ICE detention centers at capacity — while Border Patrol closes facilities amid massive drop in illegal crossings

While Immigration and Customs Enforcement detention centers are nearing their breaking point, Border Patrol is closing temporary holding facilities with the massive drop in illegal crossings under President Trump — and more are expected to shut their doors, Homeland Security sources told The Post.

Customs and Border Protection (CBP) is shutting the doors to the soft-sided detention center dubbed “Firefly,” sources said.

The Biden administration opened the more than 150,000-square-foot facility as it scrambled to find the space to process the thousands of illegal migrants streaming across the border into Eagle Pass, Texas.

The Biden admin opened “firefly” as a “temporary” solution to the prolonged border surge. CBP

“They were always supposed to be temporary … that temporary solution became four years,” said one CBP source.

With fewer migrants crossing illegally, Border Patrol facilities have sat largely empty.

In February, border agents encountered roughly 8,000 illegal migrants crossing the southern border, marking the lowest month in at least 25 years, according to leaked data first obtained by The Post.

In response, Border Patrol Chief Michael Banks offered ICE his temporary facilities.

Banks previously offered the temporary border facilities to ICE, which is stretched thin with the demands of President Trump’s mass deportation effort. NY Post

“We’re offering up our space to ICE because if you look at the numbers … they’re apprehending more people at the border than we are having come in,” the chief recently told The Post.

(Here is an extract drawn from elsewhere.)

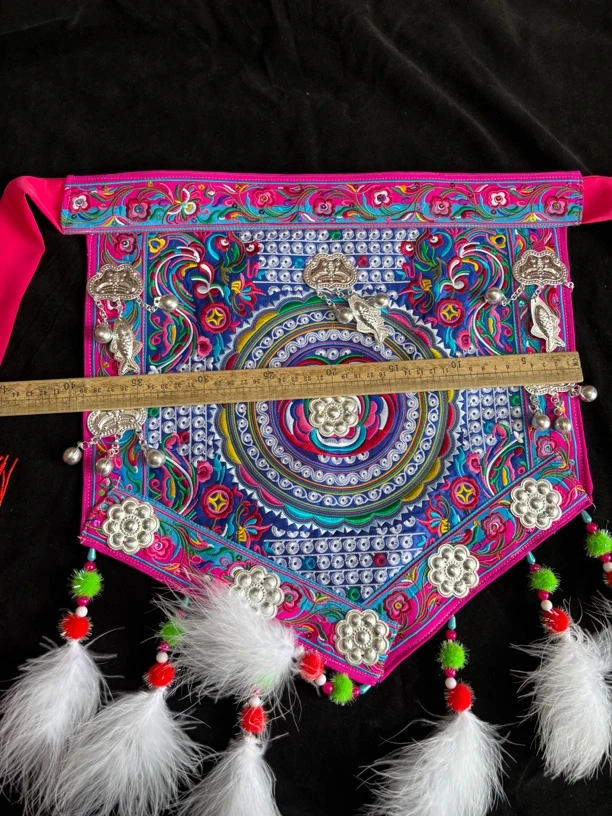 时尚民族风女士围裙围腰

“So as ICE is making those arrests in the interior and reducing the number of illegals that are in our country, we’re ensuring that that cup doesn’t refill,” Banks continued.

“Our intent is to offer that up to ICE. If ICE has a need for that, they can take that and move forward with it. If they don’t, then we, we will get out of the temporary detention space business,” he added.

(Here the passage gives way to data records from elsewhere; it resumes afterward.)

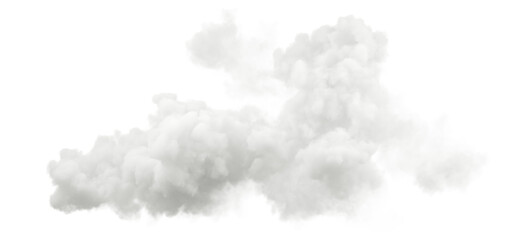 Obraz premium Haze fog clouds climate on transparent backgrounds 3d illustrations png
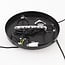 3-light pendant light Lumra - black with natural rope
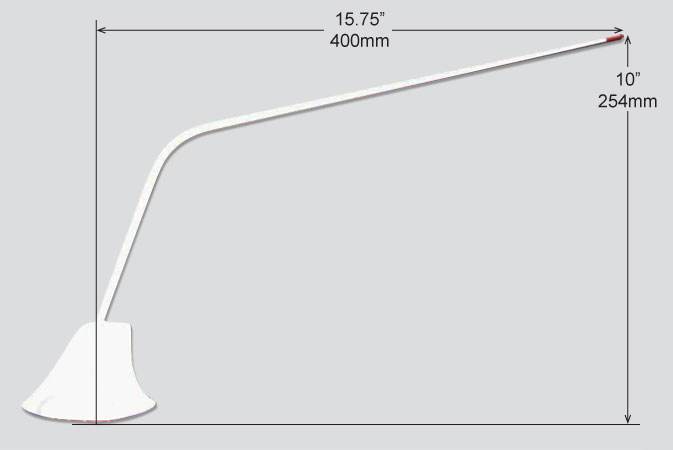 Red Tail Airband Bent Antenna
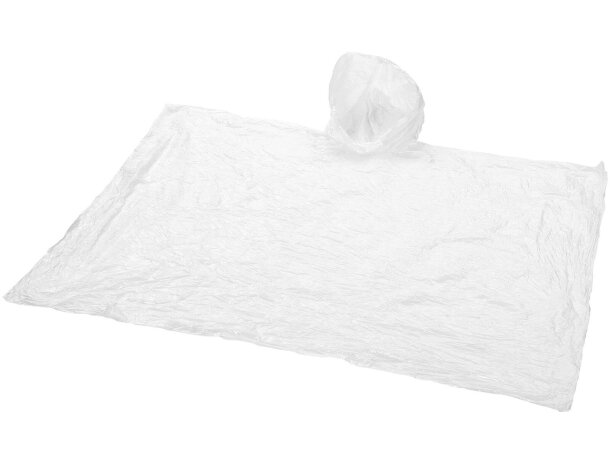 Poncho impermeable en llavero con forma de balón de fútbol Xina Negro intenso/blanco detalle 4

Migrants wait in an ICE holding cell in lower Manhattan. Getty Images

Migrant crossings hit their lowest level on record in February following Trump’s crackdown. Aristide Economopoulos

ICE currently has the funding to hold 41,500 illegal migrants, but it’s already “burning well over that to the tune of several hundred million dollars,” a senior agency source previously told The Post, revealing that the agency had opened four new federal prisons to address the issue.

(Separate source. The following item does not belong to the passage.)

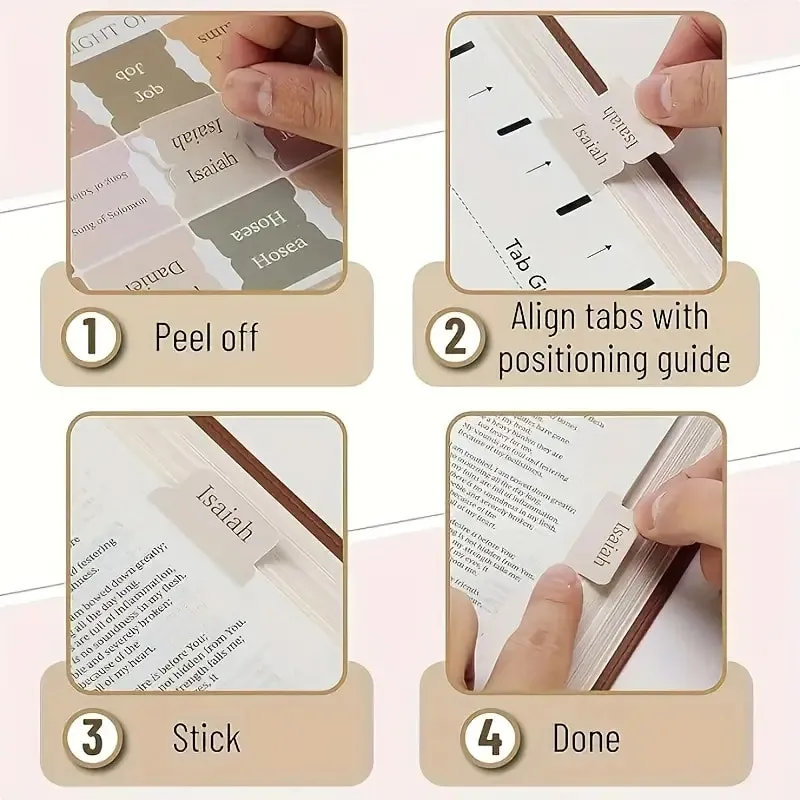🎁Bible Tab Stickers-Organize and personalize your Bible easily - Image 6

If ICE declines the offer, Banks vowed to shut down the temporary processing centers, emphasizing the massive costs of operating the facilities.

It is likely that ICE declined because the facilities do not meet the agency’s high requirements for detention facilities. Trump’s border czar Tom Homan is reportedly working to lower those standards to allow more local cops to detain migrant criminals for ICE.

The closure of the processing center comes as Vice President JD Vance visited the border in Eagle Pass Wednesday, where he touted the Trump administration’s successful crackdown.

“President Trump has empowered — and, in fact, demanded — that his whole government take the task of border control seriously,” he said.